In his final polished product, Nashat planned to incorporate such scenes as the pouring of many cubic meters of slushy, gravelly wet concrete into a steel reinforced mold (fluid action which is startlingly bodily) and the finishing of the upper surface by two laborers in a concrete plant (combining physical exertion and concentration).
Despite the slab’s enigmatic form and its literal and metaphoric weightiness, it is not really the subject of this work. In fact, this cold, abstract object was made to the artist’s specifications for no purpose other than to document its production. Seeing the video in Berlin, where it was made, activated all kinds of associations, given the abundance of prefabricated slab buildings —Plattenbau — in East Germany. Perhaps such associations were simply born of the dense and dexterous pseudo-neutrality of utilitarian concrete, the substance (next to steel and glass) that is arguably the material of built modernities, regardless of ideological persuasion.
Nashat’s original inspiration was the freeform conceptual legacy of Canadian musician and composer Glenn Gould (1932-1982). Cult figure Gould is best known for his unorthodox recordings of Johann Sebastian Bach’s Well-Tempered Clavier (a recording of which, incidentally, is currently heading toward the edge of the solar system on the Voyager space probe). Gould was notorious for his eccentricities and his rejection of the stadium-like spectacle of the concert hall in favor of the control and editing possibilities of the recording studio, aspects dramatized in the feature film Thirty-Two Short Films About Glenn Gould (1993).
It was Gould’s media consciousness and the way that he constructed his work and artistic image that drew Nashat’s attention in particular. So, to use a Gouldian phrase, “splendidly spliced” into Nashat’s video are a series of sixty-four stills of the legend taken from a 1969 televised concert. At the same time, we hear an excerpt of Gould playing Bach’s “Toccata in C minor” — a pivotal composition-on another occasion a decade later. Nashat’s choppy stop-action animation works like a visual deconstruction of the performance, isolating Gould’s mannerisms and postures like moments in a dance. Absurdly, the soundstage for Gould’s concert featured a number of vertical fake marbled panels-shorthand signifiers of bourgeois culture and grandeur.
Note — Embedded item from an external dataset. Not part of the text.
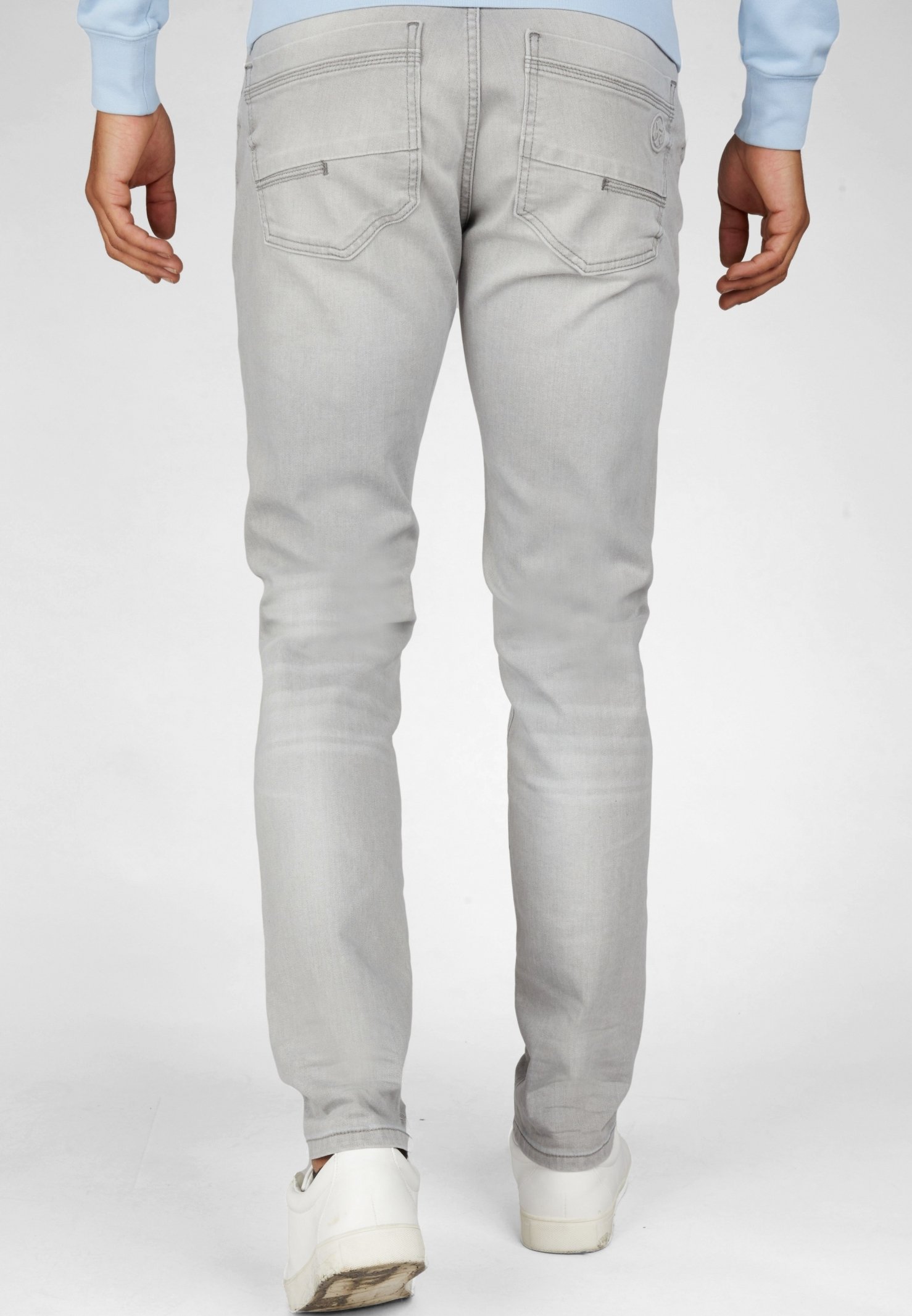 Gabbiano TORINO - Slim fit jeans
The droll twist of Nashat’s work is that these fake elements inspired the very real concrete slab his video employs. As the toccata unfolds, the concrete sets. The intertwined audio sources are punctuated by visual hard-cuts; we’re left with sublime Bach ringing in our ears and the slab flying out toward us.
In previous works, Nashat has similarly brought together unlikely if not oppositional components. Some have involved tense situations in classically high-culture locations like the Louvre, a theater, and Mussolini’s fascist EUR exhibition grounds on the outskirts of Rome. Typically Nashat has emphasized the artificiality of his work through precise cinematic framing and composition, meticulously dubbed soundtracks, skewed deadpan acting, elusive dialogue, and the occasional odd scenario. Often these elements have summoned power and paranoia; in a number of works, palpable tension has pervaded, along with an extra layer of unspoken “knowing” manifested as homoeroticism (which acts not so much to infuse the works with either identity or desire as to further complicate, even destabilize, the scenes).
In Plaque the camera lingers inexplicably on the arms and faces of handsome laborers. Nashat has suggested that his new work is a kind of “translation between different visual languages, raising questions as to the import and place of medium.” For this artist, it seems video works are as much about how they are put together as what you finally see or hear. This wordless Plaque suggests meaning is a sculptural construction site, where it is perhaps better to peer into the wet concrete than worship at the monolith.